CAP was introduced in 2016 and was designed to ensure food security and eliminate food imports. The initial funding for the programme was pegged at US$500 million and beneficiaries received US$250 000.

However, the government ended up issuing US$1 billion TBs unprocedurally to fund the scheme.

In its latest report titled Command Agriculture: The Debt Sink-hole, Veritas said the programme resulted in Zimbabwe’s sovereign debt growing at an alarming rate to US$13,7 billion as of September 2021.

The think-tank said a significant portion of the debt was accumulated after 2015 when the government embarked on the command programme.

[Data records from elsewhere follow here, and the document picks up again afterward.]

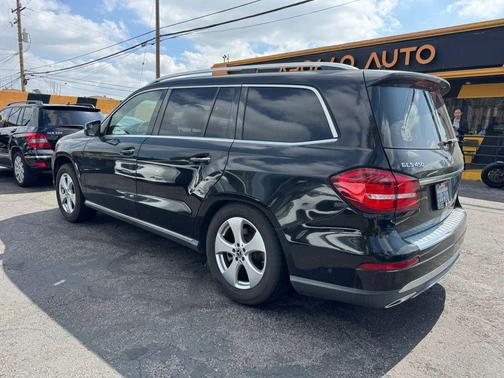 Black 2018 Mercedes-Benz GLS 450 4MATIC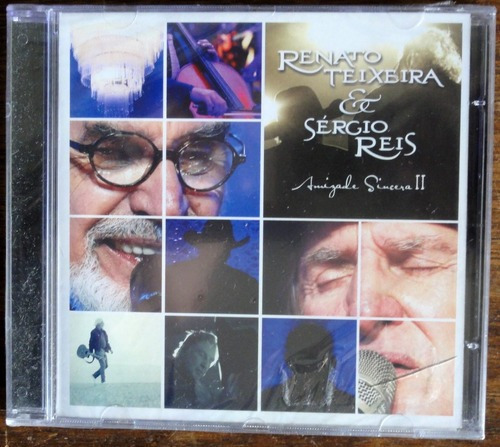 Cd Renato Teixeira & Sérgio Reis - Amizade Sincera 2 Lacrado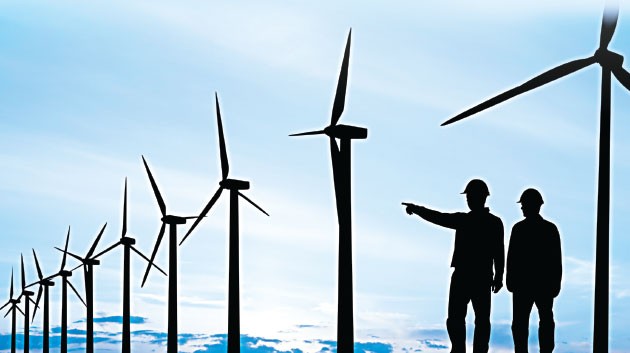 Yenilenebilir enerjide büyük bir rekabet var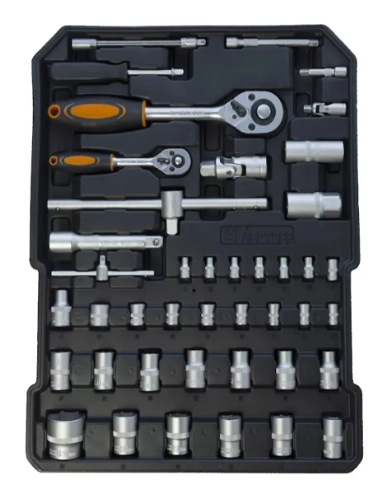 KIT HERRAMIENTAS LUSQTOFF 245PCS LQCM245-8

“Financing CAP has disproportionately bled Zimbabwe’s finances with little commensurate benefit to the public. It is time for command agriculture to be reviewed with the aim of making individual farmers responsible for their debts,” Veritas said. “If that means giving them bankable title to their land, then it should be done. Funding agriculture is desirable and even necessary so long as it does not become a perpetual burden on taxpayers.”

The programme was also criticised for having been militarised, with the army organising the procurement of inputs and supervising their distribution to farmers.

Between 2015 and 2018 the programme was funded outside the national budget, resulting in the country incurring US$3 billion in unbudgeted expenditure.

The US$3 billion unauthorised expenditure was described as unappropriated expenditure by the Auditor-General Mildred Chiri when she appeared before the Public Accounts Committee in 2019.

Veritas noted that in the current financial year, Treasury will have to pay $37 billion (local currency) to service TBs that were used to fund agriculture in the 2020/21 season.

“The Treasury has no capacity to repay this loan and it seems the debt will have to be rolled over and new bills issued. The domestic debt maturity profile reflects the short-term nature of the domestic debt securities/TBs as investors have a preference for short-term instruments to hedge against inflationary pressures. The maturity profile reflects government’s refinancing risk, as $31,3 billion (81%) of outstanding domestic debt securities is maturing in 2022, with a corresponding interest bill of $5,1 billion,” Veritas said.